Ведь маньерист - исторический пессимист: все нынешнее и будущее - плохо, мол. А какой же пессимист Рабле, когда он жизнь берет в ее праздничном, утопическом аспекте: пир для тела. Ведь старушки-то рады, да и для носильщиков их пыл - не пустяк. Не говоря уж о деньгах, вине, угощении. А главное, рад рассказчик, что все рады, и улыбается сам Рабле. Если правильно его понял Бахтин, то “в гротескном реализме материально-телесная стихия является началом глубоко положительным, не чувственно-эгоистическим”.
Действительно, правильно подмечает Бахтин про Рабле: “Тело и телесная жизнь... это вовсе не тело и физиология в узком и точном современном смысле; они не индивидуализированы до конца...” Вы ж, читатель, не видите ни носильщика, ни безобразных старушек. И дано-то все в виде рассказа персонажа-рассказчика.

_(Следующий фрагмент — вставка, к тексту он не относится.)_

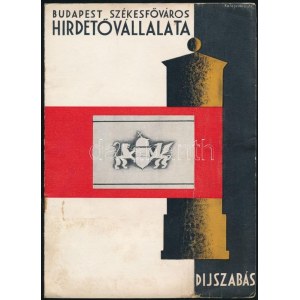 cca 1930 Budapest Székesfőváros Hirdetővállalata által kiadott díjszabást tartalmazó prospektus, Kolozsváry grafikája...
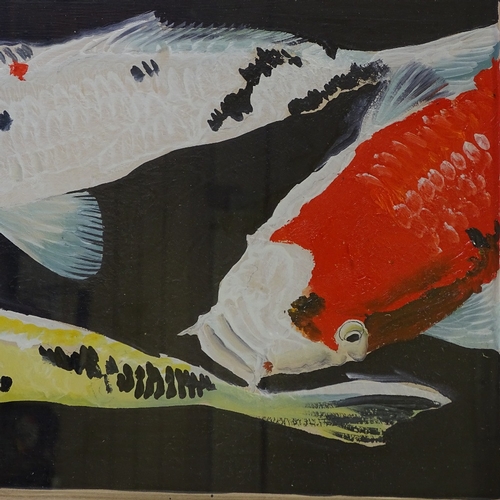 1389 - Clive Fredriksson, oil on board, Koi Carp, image size 12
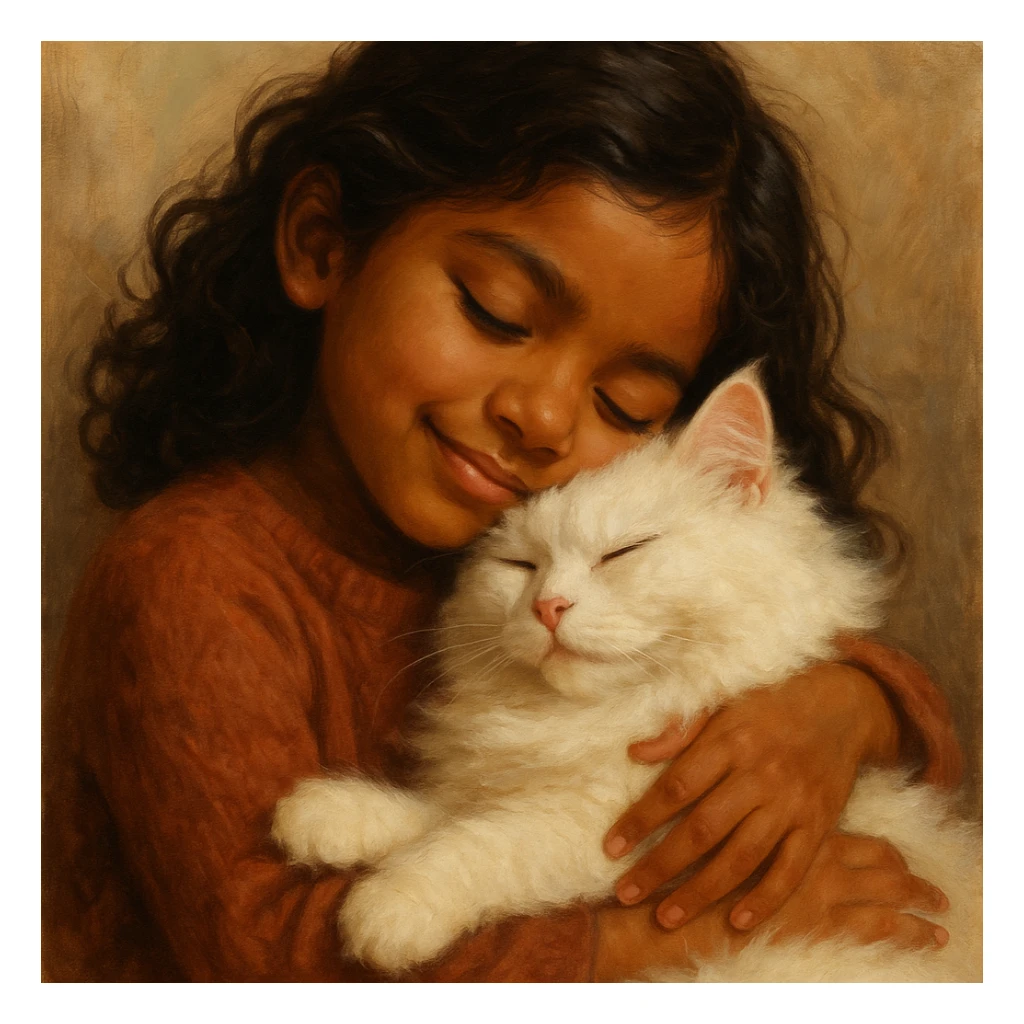 brown girl snuggling fluffy white cat, style 1 sticker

В чем же дело? А в том,- настаивает Бахтин,- что Рабле воспевает не обособленную биологическую особь и не буржуазного эгоистического индивида, а растущий и обновляющийся народ, чуждый отвлеченной идеальности.
Я скажу то же иначе. Когда индивидуалисты объединяются против иерархизированного государства и церкви для завоевания своих телесных - шире: гуманистических - прав, тогда они стали в какой-то степени коллективистами, народом. И его низкий порыв приобретает черты высокого. Бахтин это называет “плодородием народа”. Народа, не меньше. И из-за того, что народ - это нечто огромное, Бахтин выводит преувеличение как принцип гротескного реализма Возрождения:

“Потому все телесное здесь так грандиозно, преувеличено, безмерно. Преувеличение это носит положительный, утверждающий характер... все вещи отнесены здесь... к народному, коллективному, родовому телу”.

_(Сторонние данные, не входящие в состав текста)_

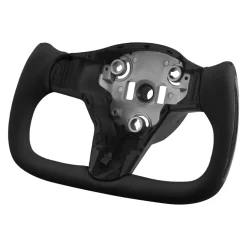 VEVOR Steering Wheel for 2016-2023 Tesla Model 3, Carbon Fiber Steering Wheel D-Shaped Flat-Bottom with Heating Function, Leather Grip with Non-Slip Texture, Accessories Replacement for Model 3, Black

Мало того, всенародность, по Бахтину, определяет и специфически веселый и праздничный (а не буднично-бытовой) характер всех образов материально-телесной жизни.
И мало еще и этого: переведенным в материально-телесное,- получается по Бахтину,- оказывается у Рабле не что иное как высокое, духовное, идеальное, отвлеченное, а именно - бессмертие народа в форме вечного обновления, возрождения. Такое низведение высокого Бахтин называет снижением, где “низ - это земля; земля же - это поглощающее начало (могила, чрево) и начало рождающее, возрождающее (материальное лоно)”. А смех - по Бахтину - инструмент снижения.

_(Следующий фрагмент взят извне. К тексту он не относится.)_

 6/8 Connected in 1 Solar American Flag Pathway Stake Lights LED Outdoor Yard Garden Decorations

В общем, именно Высокое Возрождение, не Раннее, не Позднее и, тем паче, не маньеризм перед нами.
И совсем добил меня Бахтин, когда доказал, что “Гаргантюа и Пантагрюэль” это не бегство автора от мерзкой действительности, а “злободневные отклики на актуальные - большие и маленькие - события тех лет, тех месяцев и даже дней, когда создавались части романа”, что воспевание народа у Рабле имело и политический смысл - борьбу с папизмом и наднациональной империей за национальное государство. Как раз тогда происходило становление национальных государств и самих наций вплоть до становления национальных языков из множества местных диалектов и надмирного латинского. Бахтин пишет, что многие слова французского языка впервые оказались напечатанными в знаменитом творении Рабле - настолько язык еще только становился (как и нация и национальный рынок, эта экономическая база нации). В общем - сама изменчивость на восходящей кривой.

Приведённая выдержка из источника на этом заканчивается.